日本大百科全書(ニッポニカ) 「予定論」の意味・わかりやすい解説
予定論
よていろん
praedestinatio
神の救いは、人間の側の行為や努力にかかわりなく、すでに定められているというキリスト教の教説。予定説ともいう。『旧約聖書』においてイスラエル民族は、その卑小さにもかかわらず神の選民としてたてられており、背信と亡国ののちも、その「残れる者」は究極的な救いに予定されているという信仰が一貫しており、『新約聖書』は「新しいイスラエル」の自意識のもとにこれを継承した。パウロの「ロマ書」(8章29―30)、「ガラテヤ書」(1章15)、「ピリピ書」(2章13)などは予定論の古典的典拠となる。
教父たちはこれを発展させ、アウグスティヌスに至って神学論として完結をみた。それは救いにおいて神の恵みがすべてであることを表現する教説で、アウグスティヌスによれば、救いへの願いが生起し、それが保持され、ついに完成に至るのもすべて神の恩恵のゆえである。その点で予定論は、世界観的な宿命論や哲学的な予知論praescientiaとははっきりと区別されなければならない。

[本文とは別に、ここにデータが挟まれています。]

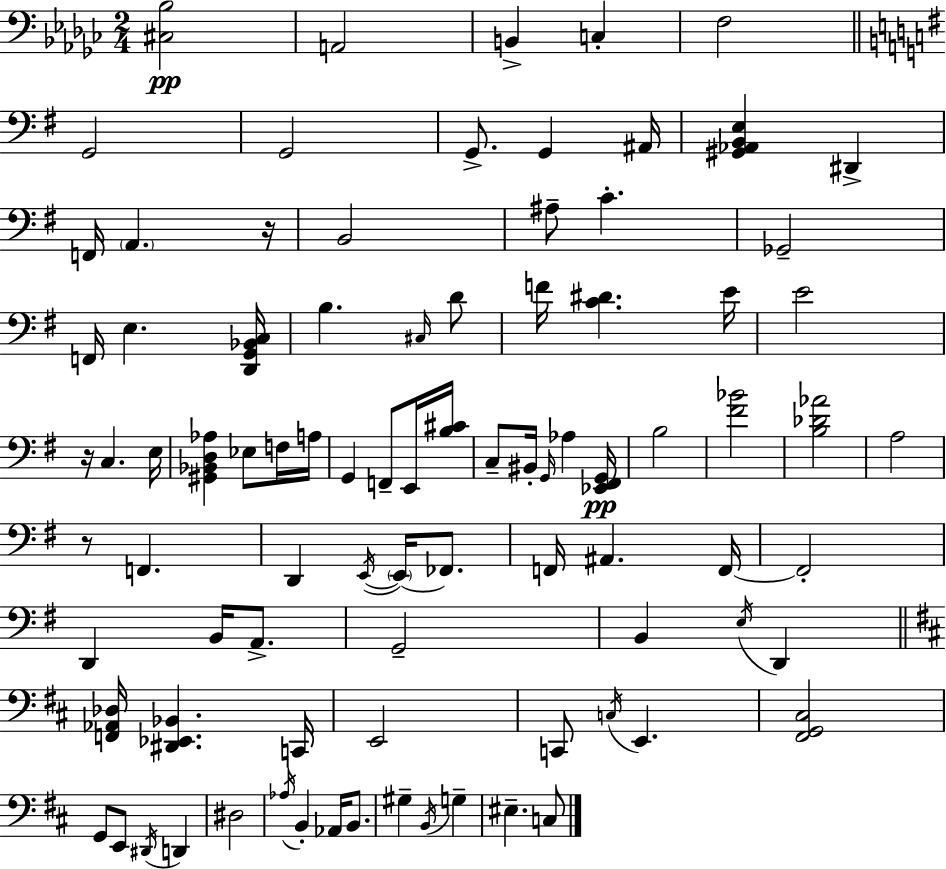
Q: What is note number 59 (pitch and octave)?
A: E2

16世紀の宗教改革者たちはアウグスティヌスを受け継いで、その恩恵論的側面をいっそう強調した。ルターにとって予定論は「信仰のみ」「聖書のみ」の二大原理への有力な契機となり、また自由意志論争での論拠であった。カルバンは、論理的帰結として二重予定論praedestinatio gemina、すなわち「ある者は救いに、しかして他の者は滅びに予定されている」という教説を主張し、激しい論争を巻き起こしたが、その主著『キリスト教綱要』(1536)でも予定論は恩恵論に含まれることから、その論旨は明白である。カルバンにあって予定論は、徹底的に救済論に沿って形成され、しかもそこから予定された聖徒のこの世にある積極的生き方という倫理面にまで展開された。資本主義の「精神」とそれを結び合わせるM・ウェーバーの所説には賛否が少なくない。